Aim of the exercise
Quote the data below in full, minus the images.

Source material

######

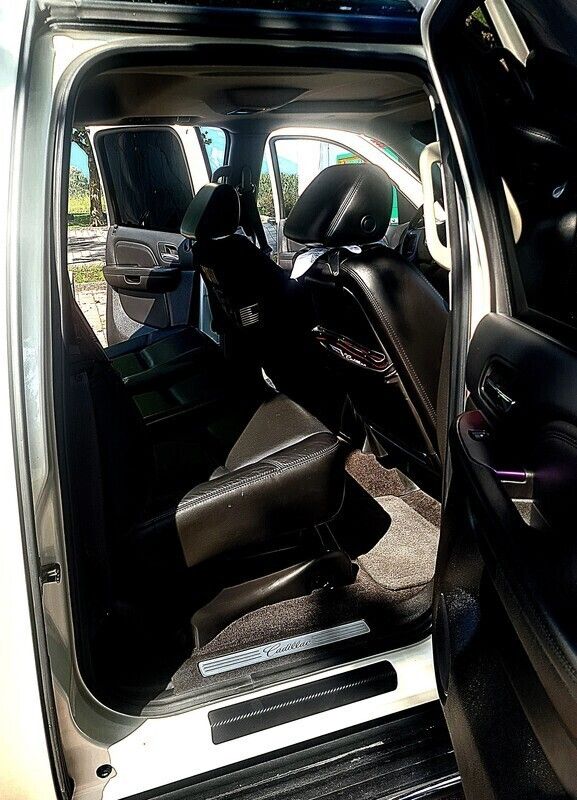 Gebraucht Cadillac Escalade 409 PS (300 kW) 2008 SUV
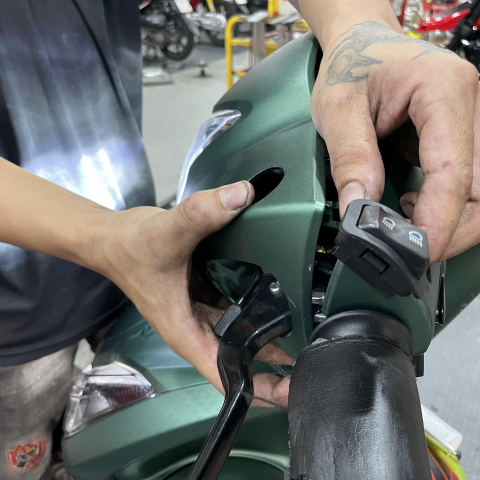 Bộ công tắc đèn Sunfa cho Vision 2020 - 2024, Lead 2020 - 2025 bản đèn halogen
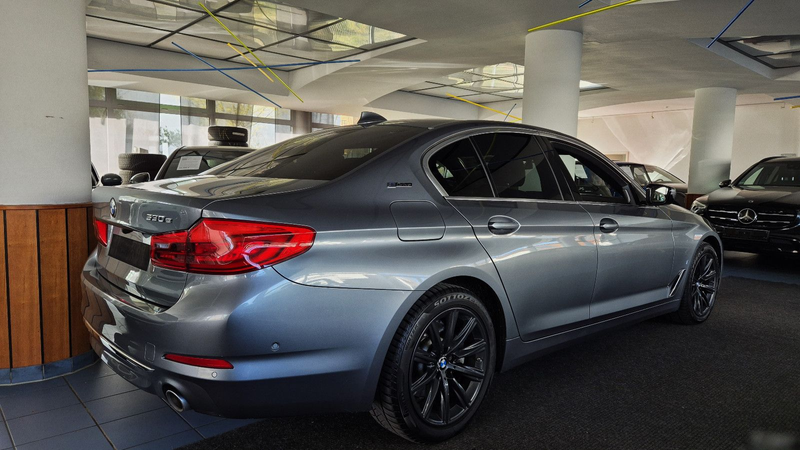 BMW 530 e Luxury/Leder/LED/Parkass/RFK/Spur/Temp/Totw — photo 5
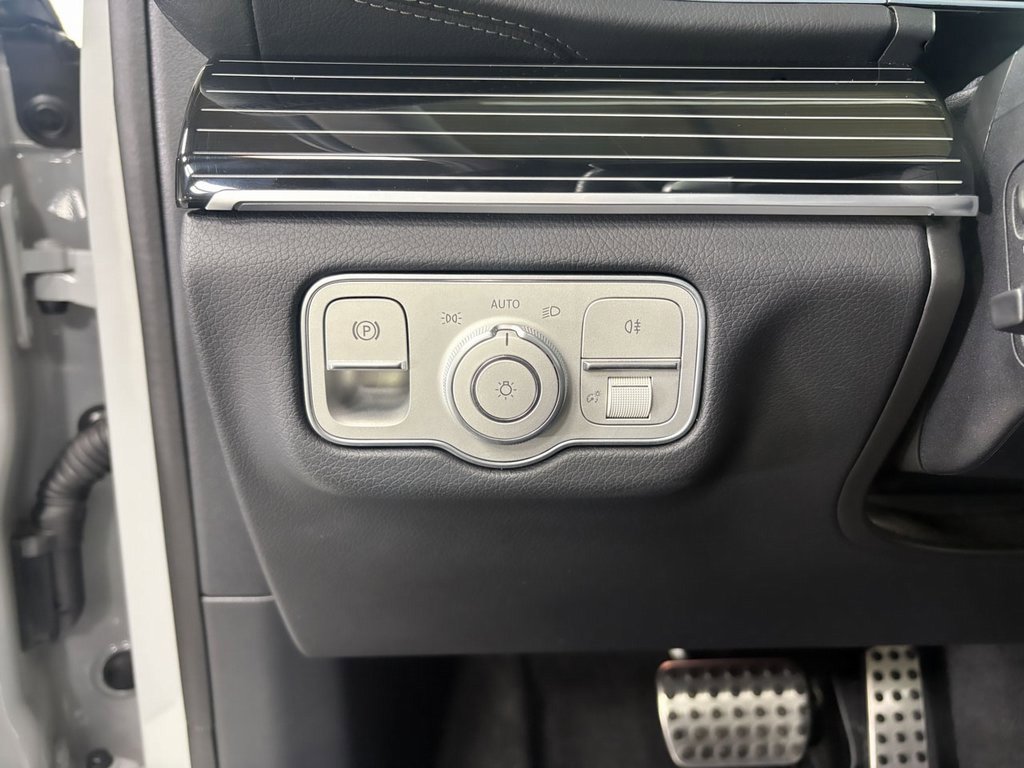 Used 2024 Mercedes-Benz GLS 450 4MATIC image 10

######

Response to this task
 Gebraucht Cadillac Escalade 409 PS (300 kW) 2008 SUV
 Bộ công tắc đèn Sunfa cho Vision 2020 - 2024, Lead 2020 - 2025 bản đèn halogen
 BMW 530 e Luxury/Leder/LED/Parkass/RFK/Spur/Temp/Totw — photo 5
 Used 2024 Mercedes-Benz GLS 450 4MATIC image 10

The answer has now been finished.